==== Data in this exercise ====
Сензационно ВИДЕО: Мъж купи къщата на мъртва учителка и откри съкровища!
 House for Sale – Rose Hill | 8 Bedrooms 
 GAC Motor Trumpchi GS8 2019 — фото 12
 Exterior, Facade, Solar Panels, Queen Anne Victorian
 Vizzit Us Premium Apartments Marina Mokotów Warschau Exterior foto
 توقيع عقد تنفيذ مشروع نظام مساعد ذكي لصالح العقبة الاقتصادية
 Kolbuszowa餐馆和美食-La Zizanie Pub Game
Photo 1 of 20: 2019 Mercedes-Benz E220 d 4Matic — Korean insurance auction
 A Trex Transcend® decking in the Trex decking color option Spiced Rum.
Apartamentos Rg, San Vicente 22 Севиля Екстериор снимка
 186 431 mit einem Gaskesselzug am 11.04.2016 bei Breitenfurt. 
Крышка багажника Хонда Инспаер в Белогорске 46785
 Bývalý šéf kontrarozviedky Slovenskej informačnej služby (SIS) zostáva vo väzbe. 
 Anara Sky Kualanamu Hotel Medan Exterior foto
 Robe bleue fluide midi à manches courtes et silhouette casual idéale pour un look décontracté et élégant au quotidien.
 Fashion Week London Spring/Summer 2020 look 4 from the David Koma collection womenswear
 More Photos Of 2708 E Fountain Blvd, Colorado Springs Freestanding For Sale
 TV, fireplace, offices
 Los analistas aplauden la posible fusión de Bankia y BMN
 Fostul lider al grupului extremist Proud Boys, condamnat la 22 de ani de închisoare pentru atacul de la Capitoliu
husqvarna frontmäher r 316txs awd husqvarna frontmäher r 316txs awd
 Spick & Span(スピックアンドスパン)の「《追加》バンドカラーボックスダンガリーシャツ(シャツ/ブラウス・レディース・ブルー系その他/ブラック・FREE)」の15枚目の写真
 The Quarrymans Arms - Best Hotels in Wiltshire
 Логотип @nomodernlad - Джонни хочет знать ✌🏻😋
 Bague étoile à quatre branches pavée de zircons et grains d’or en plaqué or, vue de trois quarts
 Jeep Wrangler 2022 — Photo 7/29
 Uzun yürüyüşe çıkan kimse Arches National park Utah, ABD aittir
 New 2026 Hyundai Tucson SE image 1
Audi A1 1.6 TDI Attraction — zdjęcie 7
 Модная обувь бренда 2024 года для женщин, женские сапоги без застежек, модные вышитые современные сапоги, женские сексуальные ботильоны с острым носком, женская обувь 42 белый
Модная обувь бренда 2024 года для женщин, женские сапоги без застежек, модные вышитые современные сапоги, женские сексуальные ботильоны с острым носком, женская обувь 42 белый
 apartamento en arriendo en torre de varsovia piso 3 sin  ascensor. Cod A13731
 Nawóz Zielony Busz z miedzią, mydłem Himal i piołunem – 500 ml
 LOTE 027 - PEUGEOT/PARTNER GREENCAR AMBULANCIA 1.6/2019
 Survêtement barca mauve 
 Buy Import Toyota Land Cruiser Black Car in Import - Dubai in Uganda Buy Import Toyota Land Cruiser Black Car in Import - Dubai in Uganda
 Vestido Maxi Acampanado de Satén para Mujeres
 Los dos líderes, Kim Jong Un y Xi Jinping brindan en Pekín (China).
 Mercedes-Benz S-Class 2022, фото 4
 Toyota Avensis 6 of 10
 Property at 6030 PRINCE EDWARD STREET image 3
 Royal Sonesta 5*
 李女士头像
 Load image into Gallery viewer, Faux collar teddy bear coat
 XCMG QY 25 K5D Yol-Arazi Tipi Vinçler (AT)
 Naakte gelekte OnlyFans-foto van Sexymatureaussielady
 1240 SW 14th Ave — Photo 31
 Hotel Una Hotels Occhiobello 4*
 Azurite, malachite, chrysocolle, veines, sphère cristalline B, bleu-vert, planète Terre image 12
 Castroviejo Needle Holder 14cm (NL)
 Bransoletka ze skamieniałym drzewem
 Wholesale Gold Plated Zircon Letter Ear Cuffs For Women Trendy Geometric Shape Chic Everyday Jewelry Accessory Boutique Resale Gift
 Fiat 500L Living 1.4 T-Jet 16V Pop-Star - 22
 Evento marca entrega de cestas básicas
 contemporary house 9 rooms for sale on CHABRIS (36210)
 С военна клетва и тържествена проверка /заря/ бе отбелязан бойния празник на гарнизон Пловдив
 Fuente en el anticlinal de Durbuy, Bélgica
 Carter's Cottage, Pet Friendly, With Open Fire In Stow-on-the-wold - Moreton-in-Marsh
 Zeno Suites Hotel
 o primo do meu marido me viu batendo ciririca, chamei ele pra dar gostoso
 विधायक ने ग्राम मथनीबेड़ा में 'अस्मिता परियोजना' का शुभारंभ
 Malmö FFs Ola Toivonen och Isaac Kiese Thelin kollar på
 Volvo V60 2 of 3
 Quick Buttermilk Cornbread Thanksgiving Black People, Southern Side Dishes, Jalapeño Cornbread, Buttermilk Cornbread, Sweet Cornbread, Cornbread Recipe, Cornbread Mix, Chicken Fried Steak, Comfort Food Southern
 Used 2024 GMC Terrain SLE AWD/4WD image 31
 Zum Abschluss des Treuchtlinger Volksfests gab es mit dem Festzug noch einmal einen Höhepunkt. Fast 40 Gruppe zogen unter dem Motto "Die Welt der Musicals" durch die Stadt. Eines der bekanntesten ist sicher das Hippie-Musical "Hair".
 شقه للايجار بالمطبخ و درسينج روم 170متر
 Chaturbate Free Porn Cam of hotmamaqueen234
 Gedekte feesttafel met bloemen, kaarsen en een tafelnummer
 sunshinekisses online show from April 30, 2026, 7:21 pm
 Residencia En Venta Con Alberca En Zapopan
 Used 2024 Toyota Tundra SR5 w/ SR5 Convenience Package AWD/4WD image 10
====
Directions:
Please reproduce, exactly as they appear above, the lines from the line containing "Load image into" up to and including the line containing "Wholesale Gold Plated".

Result:
 Load image into Gallery viewer, Faux collar teddy bear coat
 XCMG QY 25 K5D Yol-Arazi Tipi Vinçler (AT)
 Naakte gelekte OnlyFans-foto van Sexymatureaussielady
 1240 SW 14th Ave — Photo 31
 Hotel Una Hotels Occhiobello 4*
 Azurite, malachite, chrysocolle, veines, sphère cristalline B, bleu-vert, planète Terre image 12
 Castroviejo Needle Holder 14cm (NL)
 Bransoletka ze skamieniałym drzewem
 Wholesale Gold Plated Zircon Letter Ear Cuffs For Women Trendy Geometric Shape Chic Everyday Jewelry Accessory Boutique Resale Gift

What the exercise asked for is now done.